During roasting, between 45 and 73 g of water, 50 to 110 g of organic compounds (total C) and 15 to 35 g of other substances (inorganic gases, organic dusts, especially silver skins) are released per kilogram of green coffee. Organic compound classes in the exhaust air include aldehydes, ketones, phenols, alcohols, organic acids, and anime and mercaptans.
The roasting and quenching air can be successfully treated with a UV/ozone module, which is additionally equipped with an upstream air-to-air heat exchanger and scrubber as well as a downstream catalyst.
Exhaust air from laboratories, animal stables, slaughterhouses and animal processing plants is heavily contaminated with ammonium. Our exhaust air scrubbing system effectively removes water-soluble and odor-bearing particles in the exhaust air.

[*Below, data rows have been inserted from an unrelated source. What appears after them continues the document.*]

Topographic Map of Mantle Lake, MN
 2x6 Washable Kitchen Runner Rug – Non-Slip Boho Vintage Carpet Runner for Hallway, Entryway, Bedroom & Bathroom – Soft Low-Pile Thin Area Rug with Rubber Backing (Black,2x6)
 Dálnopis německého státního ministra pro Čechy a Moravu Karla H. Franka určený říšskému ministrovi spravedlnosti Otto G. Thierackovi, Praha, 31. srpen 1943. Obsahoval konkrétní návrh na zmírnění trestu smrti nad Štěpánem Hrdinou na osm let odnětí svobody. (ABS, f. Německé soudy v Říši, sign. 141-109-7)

The production of heparin from intestinal mucus gives rise to unpleasant odors which are not only of organic origin but also contain ammonia. Here, the combination of scrubber and UV/ozone system leads to odor-free exhaust air.
This system consists of an automated exhaust air scrubber plus a downstream UV ozone system. It eliminates the highly tar-containing fumigant exhaust air from manufacturing processes in the food industry (smoking ovens) and the associated high odor emissions.
This exhaust air scrubber system has proven itself especially for ammonium-contaminated exhaust air from laboratories, animal stables, slaughterhouses and animal processing plants. Chlorine gas, ammonia and hydrochloric acid vapors are removed at a rate of more than 99 %.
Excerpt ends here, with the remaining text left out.